Moshe Dayan et Menahem Begin, partisans d'une frappe préventive de façon à diminuer les pertes israéliennes, entrent dans un gouvernement d'union nationale. Israël, qui se considère en état de légitime défense du fait des initiatives égyptiennes et syriennes et du terrorisme à ses frontières, déclenche, le 5 juin 1967, les hostilités. En quelques heures, les forces aériennes égyptienne sont anéanties. En six jours, les forces égyptiennes sont balayées et repoussées jusqu'au canal de Suez, l'ensemble de la Cisjordanie est conquise jusqu'au Jourdain, la partie jordanienne de Jérusalem est « libérée » et les hauteurs du Golan depuis lesquelles les Syriens bombardaient la Galilée sont capturées.
250 000 Palestiniens fuient ou sont expulsés des territoires conquis et 70 000 autres sont déplacés en leur sein[11]. Dans le plateau du Golan, les villages syriens désertés sont systématiquement rasés[12] et à l'exception des 6 000 à 7 000 Druzes[13], l'ensemble des 120 000 résidents arabes fuient ou sont chassés avant la fin 1967[14],[15],[16].
La « victoire totale » de la Guerre des Six Jours
La « victoire totale »[18] de 1967 va provoquer un bouleversement des esprits au sein du monde juif qui va impacter la suite des événements et l'issue du contentieux israélo-palesinien.
L'exaltation et l'émotion des Israéliens sont extrêmement fortes, unissant toute la société israélienne autour de sentiments religieux et nationalistes[19],[20]. Si Moshe Dayan fait enlever dès le 7 juin le drapeau israélien que les soldats avaient hissé sur le dôme du Rocher[21] et laisse l'administration de l'esplanade des Mosquées au Waqf de Jérusalem, ce sont près de 250 000 Israéliens qui se rendent au Mur des Lamentations le 14 juin pour célébrer la fête de Chavouot[20].
Pour les militaires, les territoires nouvellement conquis sur les pays arabes (Golan, Sinaï) sont une « monnaie d'échange contre la paix » mais ils restent réticents à « se défaire d'une part quelconque de la terre biblique d'Israël » (Jérusalem, la Cisjordanie, Gaza)[22]. Des contacts seront pris en ce sens quelques jours après la guerre avec l'Égypte et la Syrie qui répondra par une fin de non recevoir. Moshe Dayan déclare le 8 juin :
- « Jérusalem et les mont d'Hébron resteront à jamais entre nos mains[22]. »

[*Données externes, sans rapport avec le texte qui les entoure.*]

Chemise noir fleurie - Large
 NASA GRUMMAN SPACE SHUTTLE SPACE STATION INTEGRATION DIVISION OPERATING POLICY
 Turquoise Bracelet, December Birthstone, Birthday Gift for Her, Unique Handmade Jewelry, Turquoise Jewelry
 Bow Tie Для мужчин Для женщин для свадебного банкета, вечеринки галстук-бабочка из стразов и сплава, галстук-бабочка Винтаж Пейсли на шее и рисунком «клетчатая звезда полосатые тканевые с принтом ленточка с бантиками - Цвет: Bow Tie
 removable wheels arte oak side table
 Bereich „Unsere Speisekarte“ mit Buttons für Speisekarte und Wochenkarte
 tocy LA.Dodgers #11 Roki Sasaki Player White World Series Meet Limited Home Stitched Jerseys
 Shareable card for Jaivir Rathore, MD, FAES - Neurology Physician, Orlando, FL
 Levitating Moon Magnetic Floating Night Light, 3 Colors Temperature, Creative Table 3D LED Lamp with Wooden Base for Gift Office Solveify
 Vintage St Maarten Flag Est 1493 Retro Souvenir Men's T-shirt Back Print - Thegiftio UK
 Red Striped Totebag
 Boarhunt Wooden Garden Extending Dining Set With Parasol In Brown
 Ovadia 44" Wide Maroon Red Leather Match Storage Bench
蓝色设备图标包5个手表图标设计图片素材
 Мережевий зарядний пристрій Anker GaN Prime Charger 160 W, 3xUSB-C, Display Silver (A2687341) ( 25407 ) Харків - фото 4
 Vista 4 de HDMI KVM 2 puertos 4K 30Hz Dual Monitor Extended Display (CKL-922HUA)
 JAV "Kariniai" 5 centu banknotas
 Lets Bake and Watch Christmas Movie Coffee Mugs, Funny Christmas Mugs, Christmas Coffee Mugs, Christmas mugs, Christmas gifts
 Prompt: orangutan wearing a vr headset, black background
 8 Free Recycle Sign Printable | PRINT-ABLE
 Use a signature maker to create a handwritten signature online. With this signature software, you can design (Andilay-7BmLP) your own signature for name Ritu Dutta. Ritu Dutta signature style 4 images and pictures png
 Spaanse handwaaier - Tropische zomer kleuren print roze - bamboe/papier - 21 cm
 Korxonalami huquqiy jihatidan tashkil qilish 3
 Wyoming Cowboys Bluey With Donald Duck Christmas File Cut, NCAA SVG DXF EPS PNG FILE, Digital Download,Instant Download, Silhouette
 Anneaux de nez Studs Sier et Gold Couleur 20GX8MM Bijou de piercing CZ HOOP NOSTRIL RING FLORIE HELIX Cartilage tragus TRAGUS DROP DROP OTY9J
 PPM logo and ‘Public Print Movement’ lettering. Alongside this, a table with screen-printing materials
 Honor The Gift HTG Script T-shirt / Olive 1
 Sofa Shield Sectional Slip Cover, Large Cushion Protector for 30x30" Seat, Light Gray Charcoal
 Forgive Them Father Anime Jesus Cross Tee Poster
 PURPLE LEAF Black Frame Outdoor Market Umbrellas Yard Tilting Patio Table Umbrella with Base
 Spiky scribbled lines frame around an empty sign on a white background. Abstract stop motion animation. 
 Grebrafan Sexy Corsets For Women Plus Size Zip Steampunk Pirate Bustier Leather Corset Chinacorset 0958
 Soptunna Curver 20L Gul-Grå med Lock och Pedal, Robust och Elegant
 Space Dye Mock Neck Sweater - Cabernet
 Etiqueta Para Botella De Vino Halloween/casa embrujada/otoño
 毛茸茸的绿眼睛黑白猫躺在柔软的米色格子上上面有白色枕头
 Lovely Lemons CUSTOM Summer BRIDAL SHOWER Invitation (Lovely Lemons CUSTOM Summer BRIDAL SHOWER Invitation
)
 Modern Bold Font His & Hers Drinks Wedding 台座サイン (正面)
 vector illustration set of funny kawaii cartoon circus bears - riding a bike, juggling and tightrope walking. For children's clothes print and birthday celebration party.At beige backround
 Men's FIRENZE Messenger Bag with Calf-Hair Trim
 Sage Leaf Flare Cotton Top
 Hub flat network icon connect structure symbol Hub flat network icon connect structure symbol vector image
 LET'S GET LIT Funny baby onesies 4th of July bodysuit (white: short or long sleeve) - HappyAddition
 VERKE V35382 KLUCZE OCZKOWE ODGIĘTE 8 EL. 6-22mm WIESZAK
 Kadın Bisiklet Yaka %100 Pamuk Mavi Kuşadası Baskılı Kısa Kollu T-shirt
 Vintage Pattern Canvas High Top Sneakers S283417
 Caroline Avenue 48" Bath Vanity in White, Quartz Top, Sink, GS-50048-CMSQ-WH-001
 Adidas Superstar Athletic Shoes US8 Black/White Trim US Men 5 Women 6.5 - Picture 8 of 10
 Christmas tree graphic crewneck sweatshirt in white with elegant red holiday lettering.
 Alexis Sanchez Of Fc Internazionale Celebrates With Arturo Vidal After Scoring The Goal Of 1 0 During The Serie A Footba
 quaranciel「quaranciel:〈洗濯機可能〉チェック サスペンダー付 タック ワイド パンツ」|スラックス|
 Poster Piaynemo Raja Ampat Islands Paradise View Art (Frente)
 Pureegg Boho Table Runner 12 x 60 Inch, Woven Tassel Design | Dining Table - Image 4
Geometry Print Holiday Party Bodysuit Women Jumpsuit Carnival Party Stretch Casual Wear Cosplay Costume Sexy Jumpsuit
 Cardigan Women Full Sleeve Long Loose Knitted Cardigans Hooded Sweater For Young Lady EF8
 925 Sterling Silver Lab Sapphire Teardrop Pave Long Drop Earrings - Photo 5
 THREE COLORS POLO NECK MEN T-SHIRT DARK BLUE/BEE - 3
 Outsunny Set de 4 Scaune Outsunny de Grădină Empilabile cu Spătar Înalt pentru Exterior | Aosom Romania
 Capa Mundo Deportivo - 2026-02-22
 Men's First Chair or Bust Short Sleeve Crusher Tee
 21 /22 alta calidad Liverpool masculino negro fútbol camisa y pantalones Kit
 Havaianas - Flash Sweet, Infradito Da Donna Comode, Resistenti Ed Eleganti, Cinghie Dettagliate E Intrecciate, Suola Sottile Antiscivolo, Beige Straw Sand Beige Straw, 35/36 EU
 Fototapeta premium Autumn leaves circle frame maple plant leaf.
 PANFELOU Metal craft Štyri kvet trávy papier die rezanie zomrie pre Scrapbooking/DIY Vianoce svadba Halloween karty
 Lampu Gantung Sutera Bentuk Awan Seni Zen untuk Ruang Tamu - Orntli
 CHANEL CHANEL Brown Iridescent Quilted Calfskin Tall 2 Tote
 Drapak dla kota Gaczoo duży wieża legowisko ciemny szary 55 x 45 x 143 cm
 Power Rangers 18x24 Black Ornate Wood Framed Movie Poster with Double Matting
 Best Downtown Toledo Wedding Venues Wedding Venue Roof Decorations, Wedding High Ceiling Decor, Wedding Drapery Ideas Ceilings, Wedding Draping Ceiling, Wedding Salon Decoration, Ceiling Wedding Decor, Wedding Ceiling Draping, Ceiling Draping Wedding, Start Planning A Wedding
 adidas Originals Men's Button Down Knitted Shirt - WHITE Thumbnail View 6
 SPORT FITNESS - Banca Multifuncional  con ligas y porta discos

Les activistes religieux voient cette victoire comme « miraculeuse » et la libération des territoires comme le début de la rédemption divine (at'halta dege'ula). Lors d'un sermon au Mur des Lamentations, le rabbin Zvi Yehouda Kook déclare :
- « Par la présente déclaration, nous informons le peuple d'Israël et le monde entier que selon le commandement de Dieu, nous venons de rentrer chez nous. (...). Nous ne partirons plus jamais. »[22]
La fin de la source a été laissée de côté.